Banks and Insurance Companies Overcharge Homeowners for Force Placed Insurance
by:Richard E. Shevitz , Attorney
Banks and insurance companies have come under fire for conspiring to overcharge homeowners for insurance when their policies lapse. Home mortgages include standard clauses which allow banks to “force place” insurance on a borrower’s home if the home is not properly insured. Some banks and insurance companies have conspired to take advantage of this process by placing insurance on these homes and charging the homeowners premiums at rates that vastly exceed regular market rates, with the banks sharing in those rates through various kickbacks. The above-market premiums are paid by the homeowners. Of course, if a homeowner cannot afford the exorbitant premiums for force-placed insurance, the premiums are added to the mortgage’s principal balance.
The banks and insurance companies are able to take advantage of the homeowners because force placed insurance policies are not purchased on the open market in a competitive environment. There are no market forces at work to keep the prices down. The premiums on force-placed insurance policies reportedly can cost up to ten times more than what the borrower was either originally paying or what the borrower could obtain if done so on a competitive basis on the open market, and produce high profit margins. One insurance company generated $2.7 billion in premiums in single year through its force-placed insurance policies.
The lucrative deals between the banks and the insurance companies result in “reverse competition,” in which insurance companies compete for the lender’s force-placed business by offering financial considerations to the banks in various forms. Those expenses are then included in the premiums charged to homeowners, which drives up the price of the force-placed policies even further. In addition, there are no insurance agents or brokers involved to justify any commissions or to search for cheaper coverage. Normally, agents typically spend a lot of time and money securing and retaining clients for voluntary home insurance coverage. But with force placed insurance, commissions are charged to the homeowner even though no agent is working for them to shop for the insurance. Instead, the insurance company gets access to the banks’ mortgage records, identifies homes that are suitable for force-placed insurance, and then force places whatever coverage they choose – often in amounts that exceed the value of the property — and charge excessive premiums, the costs of which ultimately are passed back on to the homeowners.

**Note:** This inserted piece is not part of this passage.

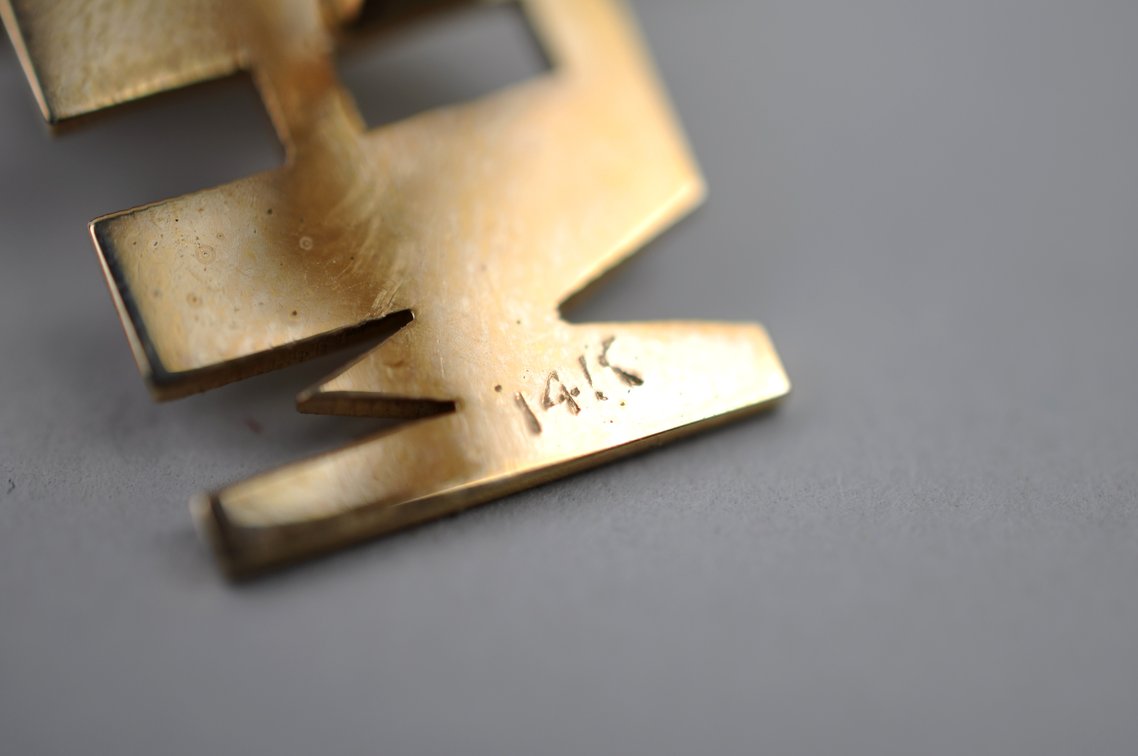 14k Gold Cufflinks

The premiums can include the amounts the insurance company charges for reviewing the banks’ records to identify borrowers’ whose houses can be the subject of force-placed insurance by the insurance company and the bank.
In recent testimony before the New York State Department of Financial Services, the President of American Security Insurance Company admitted that the price of premiums for force place insurance include not only commissions but also the expenses of monitoring the process of placing that coverage.
Cohen & Malad, LLP has filed a class action lawsuit in Georgia against Wells Fargo and two insurance companies — American Security Insurance Company and Assurant, Inc. – seeking to recover damages on behalf of homeowners in that state who were overcharged for force placed insurance as a result of misconduct by these institutions.